▸ MATERIAL FOR THIS EXERCISE
╭──

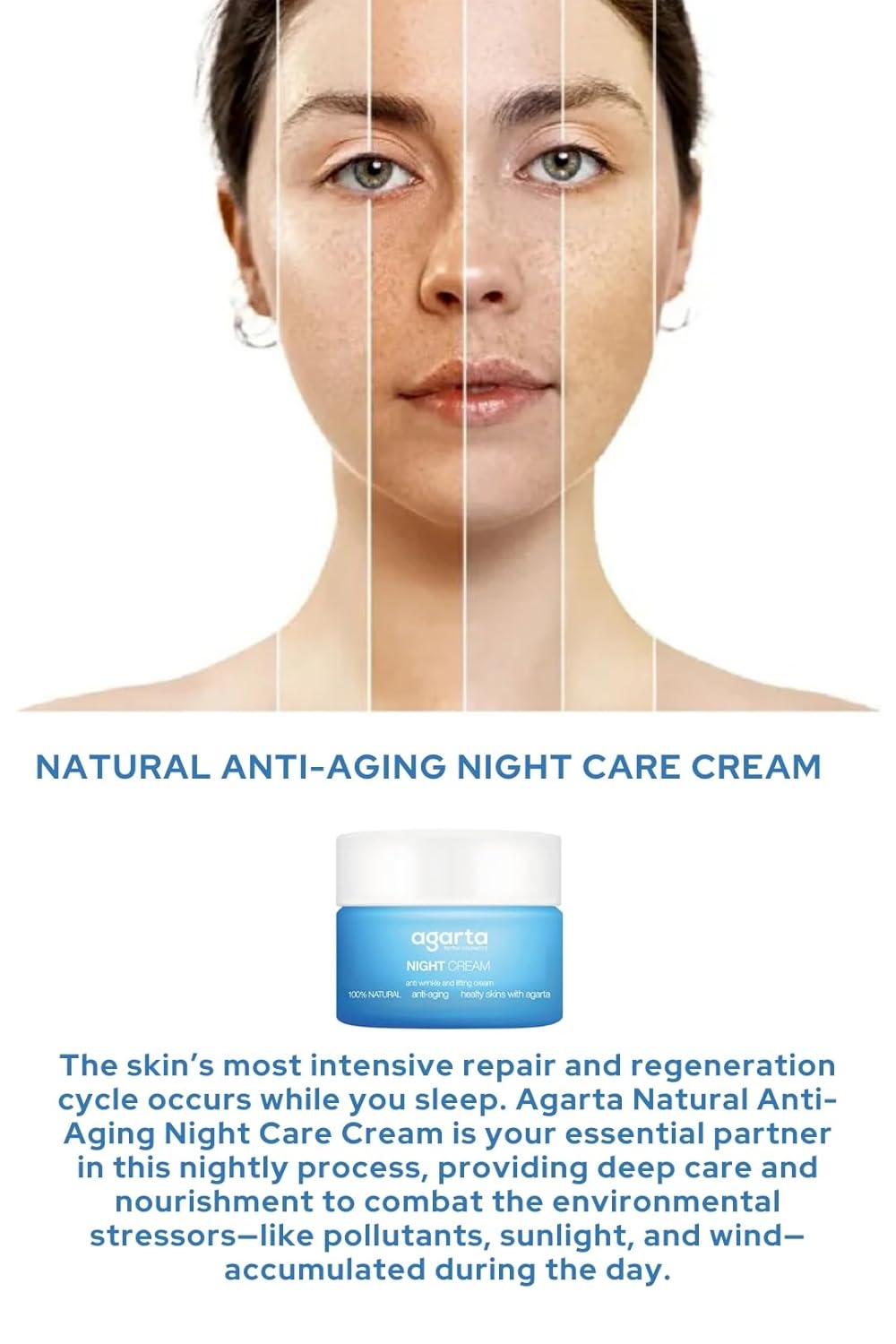 Agarta Night Face Cream - Hydrating & Smoothing Overnight Moisturizer for Radiant Skin | Vegan Formula - 1.7 fl oz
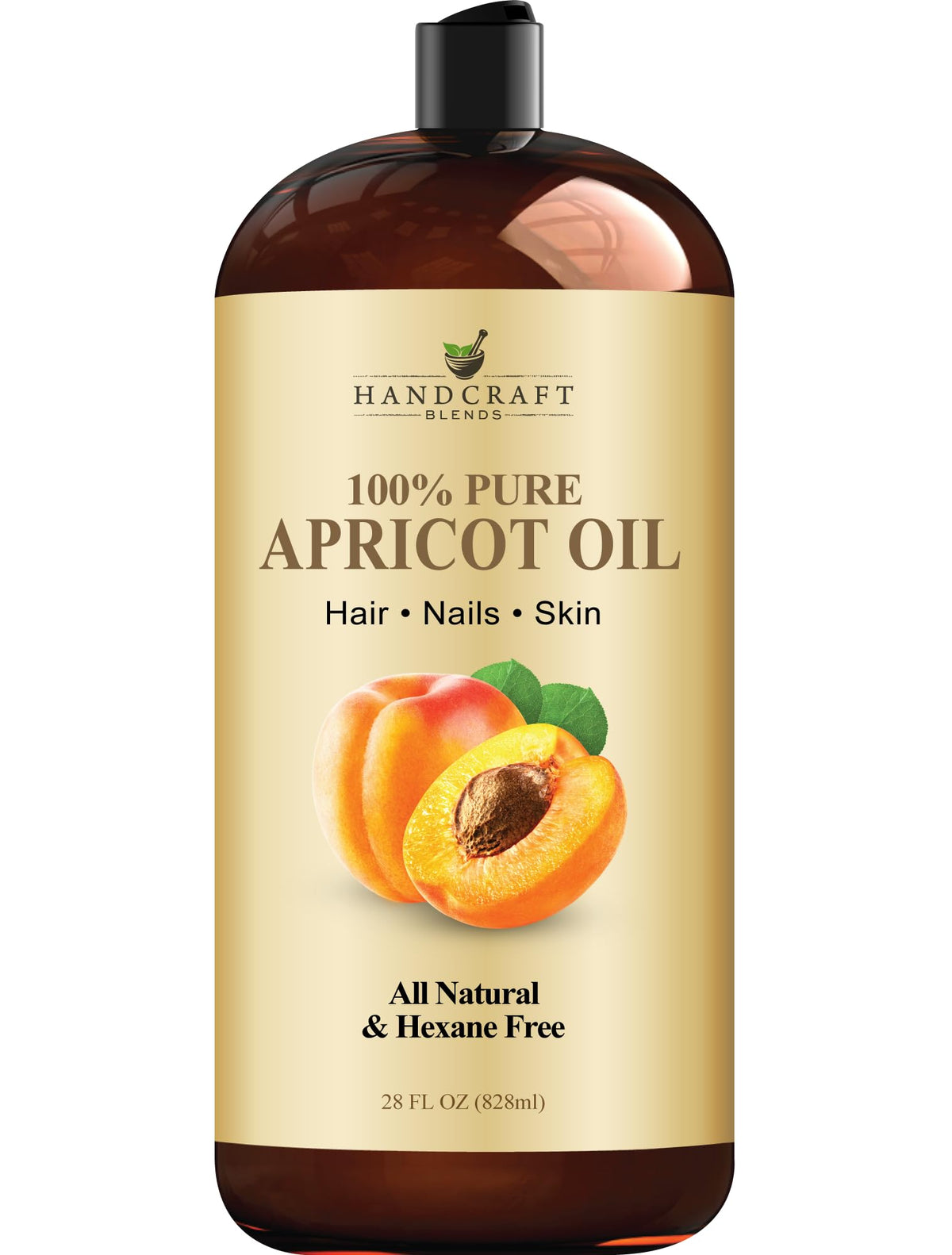 Handcraft Blends Apricot Kernel Oil bottle showcases purity for skin, hair, and massage.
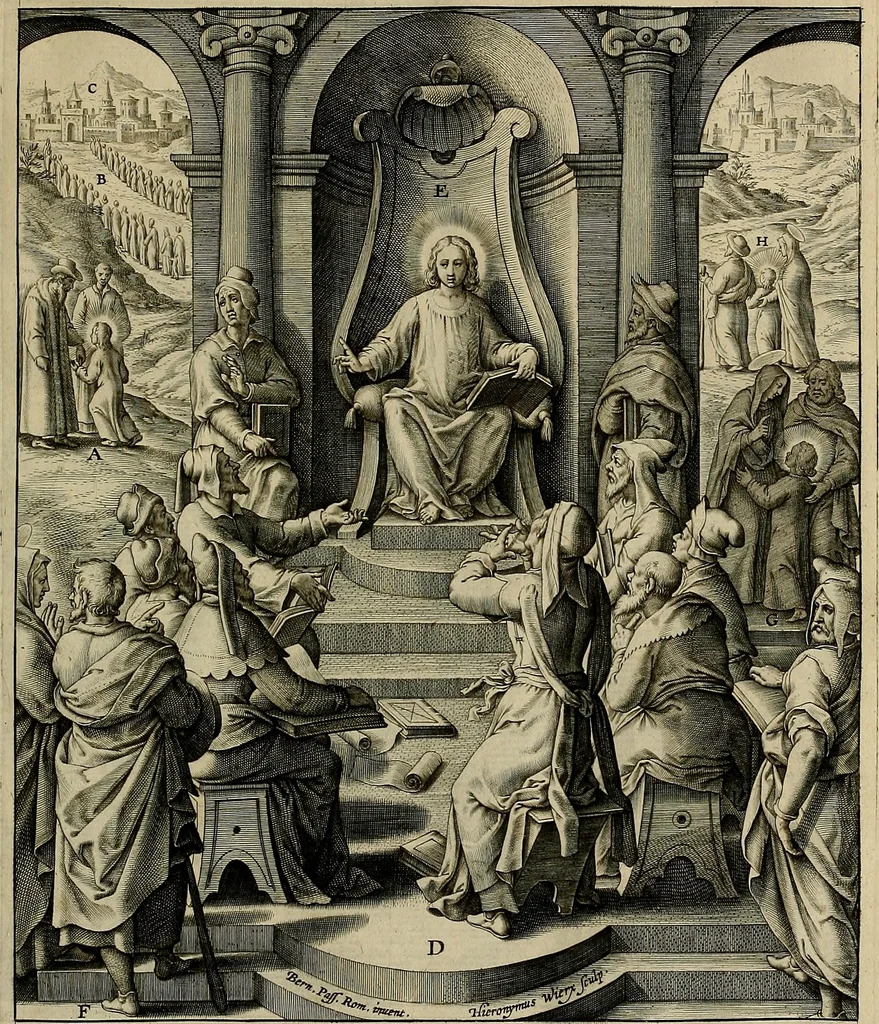 An illustration from Evangelicae historiae imagines : ex ordine euangeliorum, quae toto anno in missae sacrificio recitantur, in ordinem temporis vitae Christi digestae, 1593, leaf 32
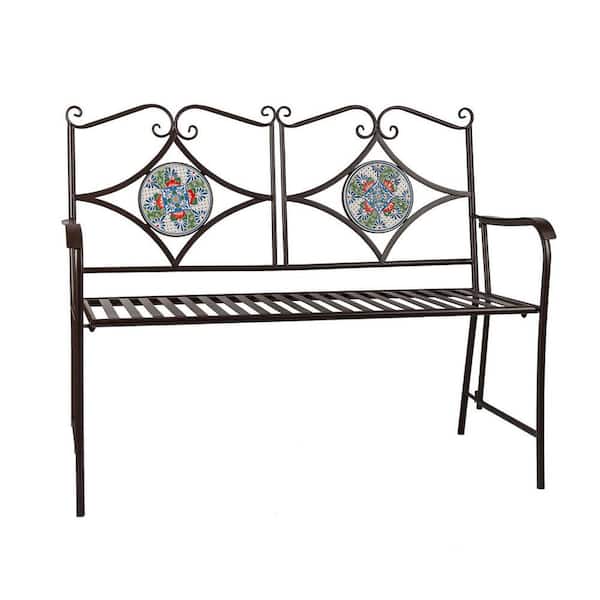 HOMEVIEW DESIGN INC 45.7 in. L Black Metal Foldable Bench with Colorful Mosaic Tile Design on Backrest, Modern Classic Style Bench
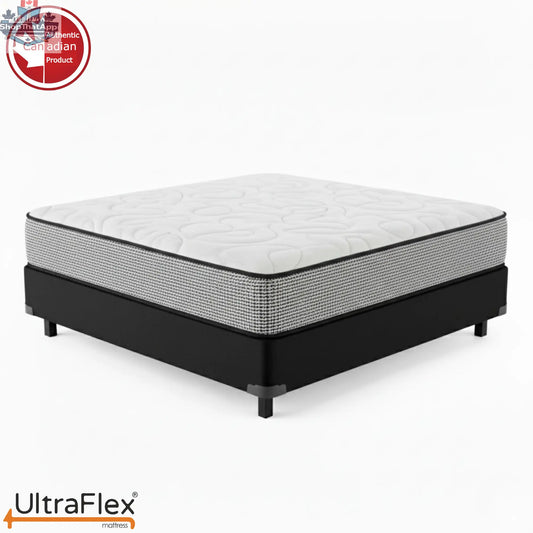 UltraFlex DreamWeaver mattress and boxspring set with pocket coil hybrid design, cooling gel foam, and edge support.
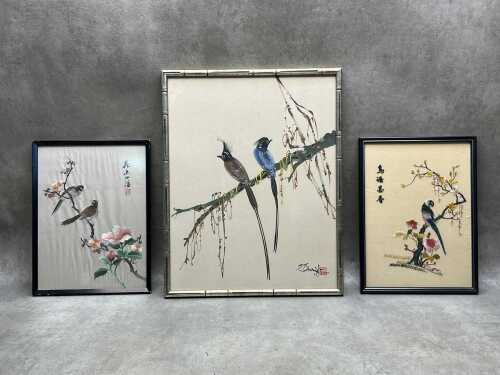 Three Oriental artworks depicting birds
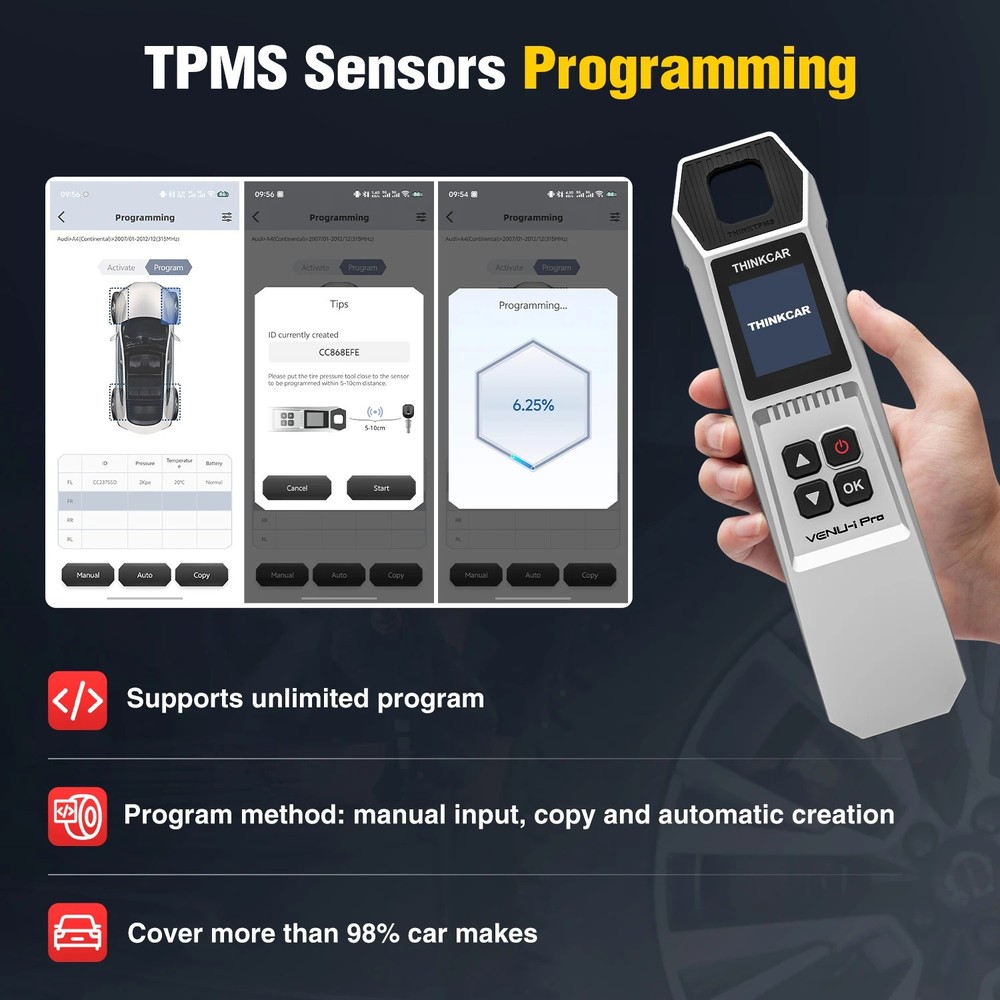 Thinkcar VENU-iPRO TPMS Programmer Tire Pressure Diagnose Sensor Detect Relearn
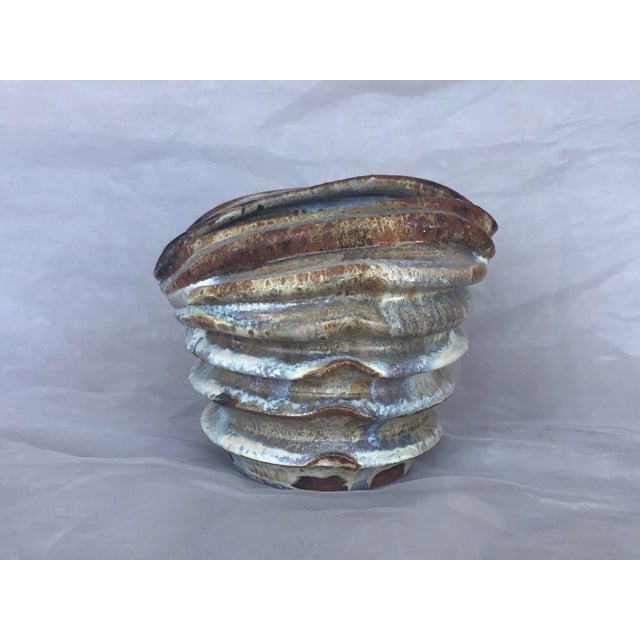 Modern Studio Art Pleated Pottery Vase For Sale - Image 13 of 13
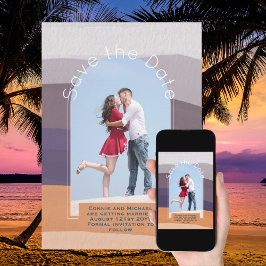 Save the Date Trending | Foto Lila Orange Chic Einladung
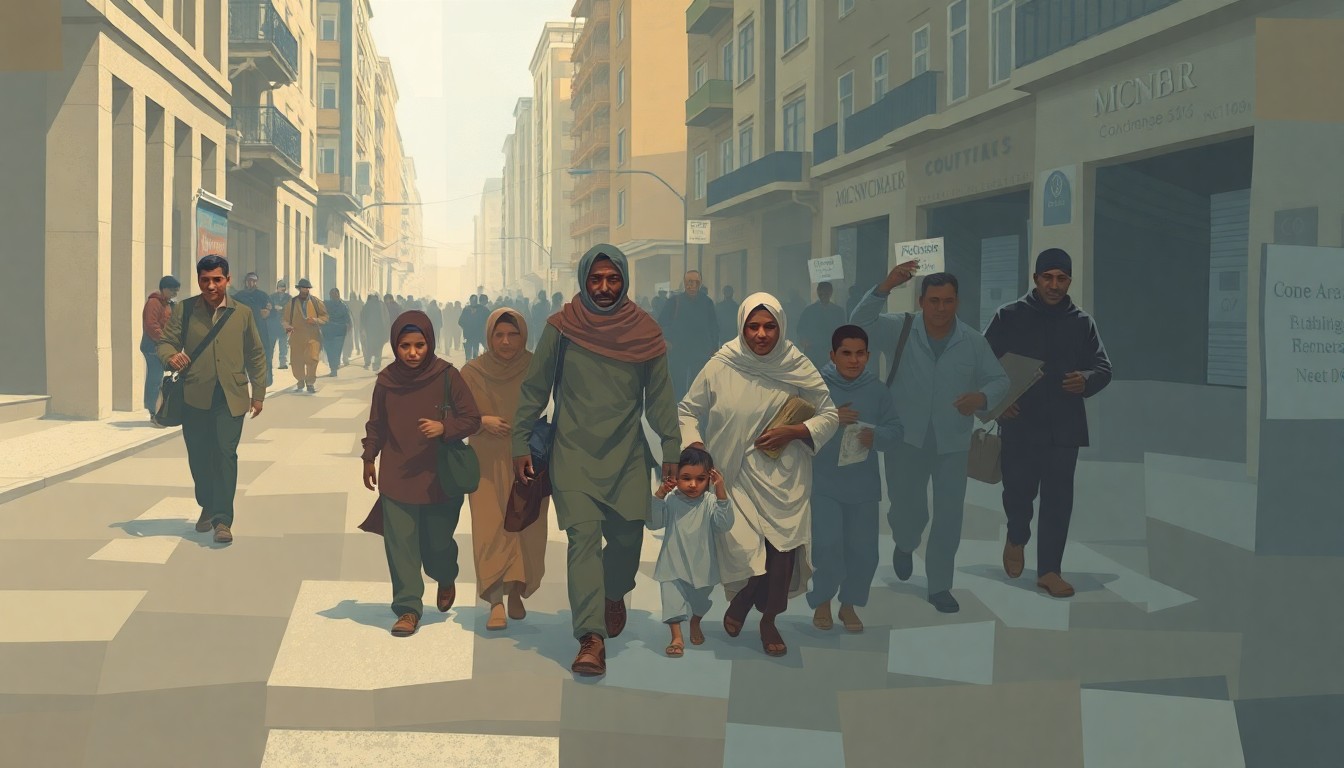A fractured, geometric painting depicting a migrant family hurriedly walking down a city street, their figures repeated in overlapping waves of muted earth tones and blues, conveying a sense of urgency and displacement.
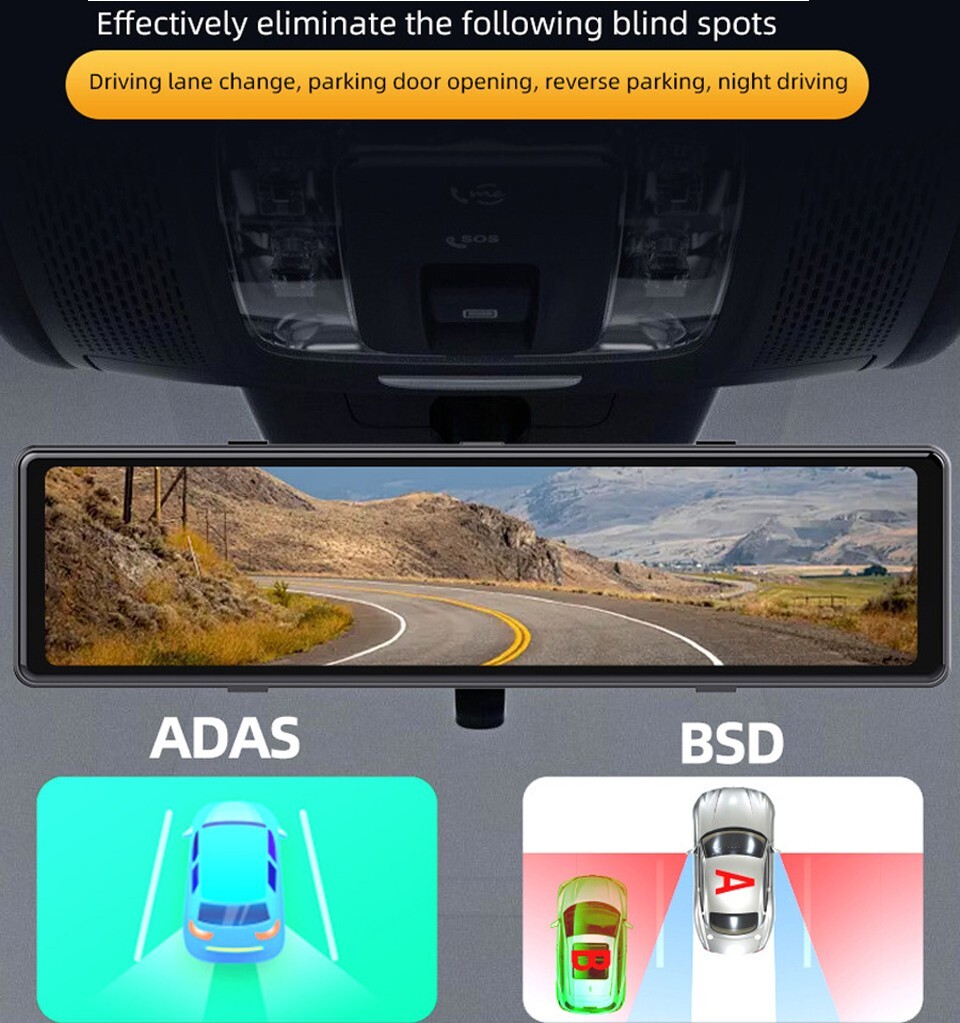 12 Inch 4 Cameras 4K WIFI Dash Cam 360 Degree Panoramic Monitoring ADAS Recorder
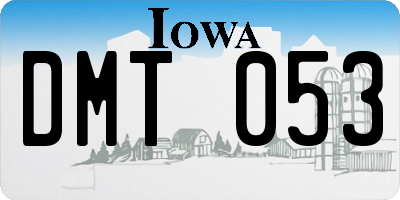 IA license plate DMT053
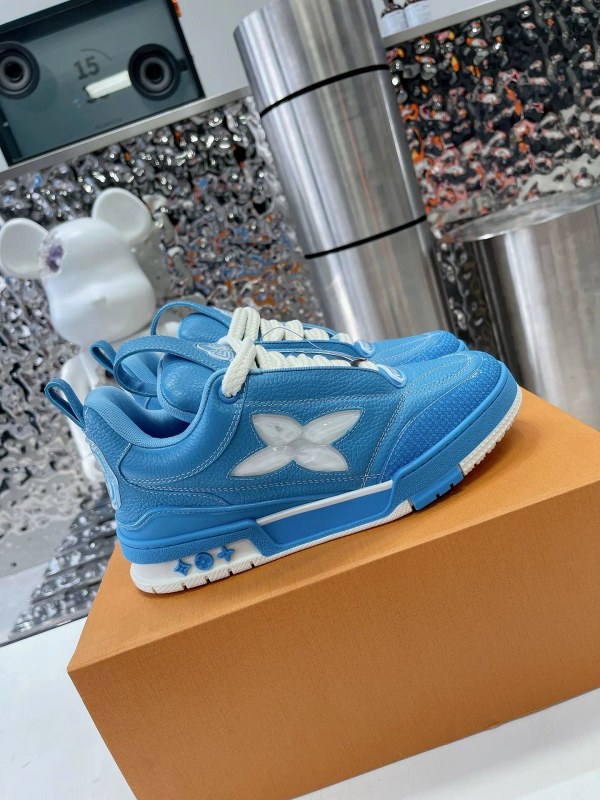 Louis Vuitton's blue skate sneaker: a chunky leather-and-mesh silhouette from the 2023 skate line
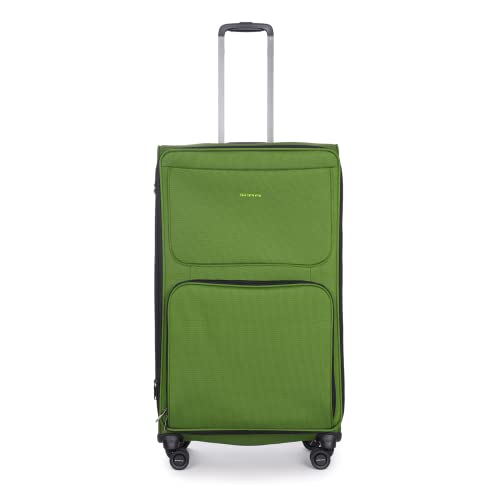 Stratic Bendigo Light + Koffer Weichschale Reisekoffer Trolley Rollkoffer groß, TSA Kofferschloss, 4 Rollen, Erweiterbar, Größe L, Grün von Stratic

╰──

The entries above need to be repeated in full, word for word. Skip the images.

▸ EXERCISE RESULT
 Agarta Night Face Cream - Hydrating & Smoothing Overnight Moisturizer for Radiant Skin | Vegan Formula - 1.7 fl oz
 Handcraft Blends Apricot Kernel Oil bottle showcases purity for skin, hair, and massage.
 An illustration from Evangelicae historiae imagines : ex ordine euangeliorum, quae toto anno in missae sacrificio recitantur, in ordinem temporis vitae Christi digestae, 1593, leaf 32
 HOMEVIEW DESIGN INC 45.7 in. L Black Metal Foldable Bench with Colorful Mosaic Tile Design on Backrest, Modern Classic Style Bench
 UltraFlex DreamWeaver mattress and boxspring set with pocket coil hybrid design, cooling gel foam, and edge support.
 Three Oriental artworks depicting birds
 Thinkcar VENU-iPRO TPMS Programmer Tire Pressure Diagnose Sensor Detect Relearn
 Modern Studio Art Pleated Pottery Vase For Sale - Image 13 of 13
 Save the Date Trending | Foto Lila Orange Chic Einladung
A fractured, geometric painting depicting a migrant family hurriedly walking down a city street, their figures repeated in overlapping waves of muted earth tones and blues, conveying a sense of urgency and displacement.
 12 Inch 4 Cameras 4K WIFI Dash Cam 360 Degree Panoramic Monitoring ADAS Recorder
 IA license plate DMT053
 Louis Vuitton's blue skate sneaker: a chunky leather-and-mesh silhouette from the 2023 skate line
 Stratic Bendigo Light + Koffer Weichschale Reisekoffer Trolley Rollkoffer groß, TSA Kofferschloss, 4 Rollen, Erweiterbar, Größe L, Grün von Stratic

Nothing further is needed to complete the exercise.